World War II. Yeah, let’s not forget that. With so many of its players in the military, the league thought about shutting down in 1943 — only the Cleveland Rams did — and some franchises were merged to keep them viable. As the war went on, teams were so hurting for manpower they suited up a few 18-year-olds and talked retired players like the Redskins’ Tiger Walton, who had been out of the game since 1934, into making a comeback. (Only 12 of 330 draft picks in 1944 played in the NFL that season.)

“If the war had lasted a little longer,” Bears Hall of Famer Sid Luckman once said, “the NFL might have gotten down to the level of semi-pro ball.”

The American Football League. Sorry, but a decade-long battle with a rival league (1960-69) — a league that mounted the most serious challenge to the NFL’s monopoly — strikes me as a much bigger crisis than L’Affaire Rice. Competition from the AFL increased salaries dramatically, forced the NFL to expand earlier than it would have (to Dallas, Minnesota, Atlanta and New Orleans) and hurt profit margins. And in the last two seasons before the merger, the AFL’s Jets and Chiefs won the Super Bowl. The horror.

Steroids. We tend forget what a stir the steroid epidemic created in the ’80s. It wasn’t just a health issue, it was a competitive fairness issue. Let’s face it, nothing riles fans quite like the idea of cheating – and it’s damaging when such a cloud hovers over a league. Once the problem came to a head, Commissioner Pete Rozelle dealt with it quickly and decisively, but only after years of whispers and denial.

Concussions. When all the votes are in, I wouldn’t be surprised if this crisis — which is far from over — turns out to be far worse for the NFL than the recent rash of misbehavior. Indeed, if anything brings down pro football, it will be the growing suspicion that the game is simply too dangerous, that the physical cost isn’t worth the financial gain. That doesn’t mean the league won’t continue to exist in some form; but it’ll be seriously diminished, and it won’t attract nearly as many of the best athletes.

One other crisis is worthy of mention, even if it doesn’t crack the Top 5. In 1946 New York police uncovered an attempt to fix the NFL championship game. This led to two Giants players being banished from the league and, naturally, much negative publicity — at a time when the rival All-America Conference was trying to gain traction. As difficult as life is for Goodell, I doubt he’d swap places with Bert Bell, the commissioner in ’46. (The AAC, after all, was a worthy adversary that gave us the Browns and 49ers.)
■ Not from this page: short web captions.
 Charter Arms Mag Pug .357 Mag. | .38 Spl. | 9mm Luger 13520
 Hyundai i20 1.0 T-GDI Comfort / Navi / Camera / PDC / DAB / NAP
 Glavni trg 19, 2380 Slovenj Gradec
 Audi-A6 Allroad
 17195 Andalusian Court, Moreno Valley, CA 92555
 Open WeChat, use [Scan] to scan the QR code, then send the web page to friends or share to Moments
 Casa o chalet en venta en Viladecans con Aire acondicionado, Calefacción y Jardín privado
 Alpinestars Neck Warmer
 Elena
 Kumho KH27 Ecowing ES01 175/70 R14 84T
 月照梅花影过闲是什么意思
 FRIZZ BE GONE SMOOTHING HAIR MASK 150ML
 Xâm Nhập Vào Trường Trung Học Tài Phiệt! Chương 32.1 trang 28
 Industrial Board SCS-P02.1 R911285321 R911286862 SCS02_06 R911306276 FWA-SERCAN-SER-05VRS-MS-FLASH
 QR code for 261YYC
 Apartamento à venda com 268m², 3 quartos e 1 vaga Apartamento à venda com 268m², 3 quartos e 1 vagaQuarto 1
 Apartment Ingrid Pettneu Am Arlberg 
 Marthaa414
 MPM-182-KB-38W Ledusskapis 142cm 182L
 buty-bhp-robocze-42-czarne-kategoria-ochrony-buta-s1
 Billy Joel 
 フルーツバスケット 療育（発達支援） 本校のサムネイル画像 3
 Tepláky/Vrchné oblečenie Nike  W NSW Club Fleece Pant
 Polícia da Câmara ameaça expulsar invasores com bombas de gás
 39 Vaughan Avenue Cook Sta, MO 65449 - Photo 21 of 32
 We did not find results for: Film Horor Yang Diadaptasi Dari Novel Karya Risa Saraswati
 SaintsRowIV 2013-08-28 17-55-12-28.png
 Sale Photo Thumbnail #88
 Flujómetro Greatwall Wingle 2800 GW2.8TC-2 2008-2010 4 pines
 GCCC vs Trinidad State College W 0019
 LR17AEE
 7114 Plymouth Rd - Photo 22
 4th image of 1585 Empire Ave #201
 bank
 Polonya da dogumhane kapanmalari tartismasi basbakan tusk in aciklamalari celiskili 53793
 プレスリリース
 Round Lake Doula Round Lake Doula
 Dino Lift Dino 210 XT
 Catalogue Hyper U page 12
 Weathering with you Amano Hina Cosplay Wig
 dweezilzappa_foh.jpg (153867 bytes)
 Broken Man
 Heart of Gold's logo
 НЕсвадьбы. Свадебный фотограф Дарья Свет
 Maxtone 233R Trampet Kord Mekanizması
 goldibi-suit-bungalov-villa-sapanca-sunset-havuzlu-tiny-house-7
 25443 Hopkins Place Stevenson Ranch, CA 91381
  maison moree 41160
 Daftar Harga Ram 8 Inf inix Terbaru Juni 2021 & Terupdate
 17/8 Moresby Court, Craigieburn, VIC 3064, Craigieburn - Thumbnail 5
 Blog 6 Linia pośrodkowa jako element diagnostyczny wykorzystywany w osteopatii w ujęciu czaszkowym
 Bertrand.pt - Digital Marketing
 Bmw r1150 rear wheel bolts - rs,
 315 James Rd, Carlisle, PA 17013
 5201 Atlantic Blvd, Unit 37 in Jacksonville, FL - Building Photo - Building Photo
Anyway, that’s six crises in the NFL’s 95-year history I’d rate ahead of the one we’re now obsessing about. And I’m sure I could come up with several more if I wanted to think about it a bit longer. But I’ve got other blogs to throw on the fire, other fishy statements to fry.

So I’ll finish here: Crises aren’t bigger nowadays because the NFL is bigger; they’re actually smaller, generally, but for the same reason: because the game is so firmly established. It was in the early years that you had to worry. A crisis back then was like a baby running a temperature. The league hadn’t built up the immunities it has now.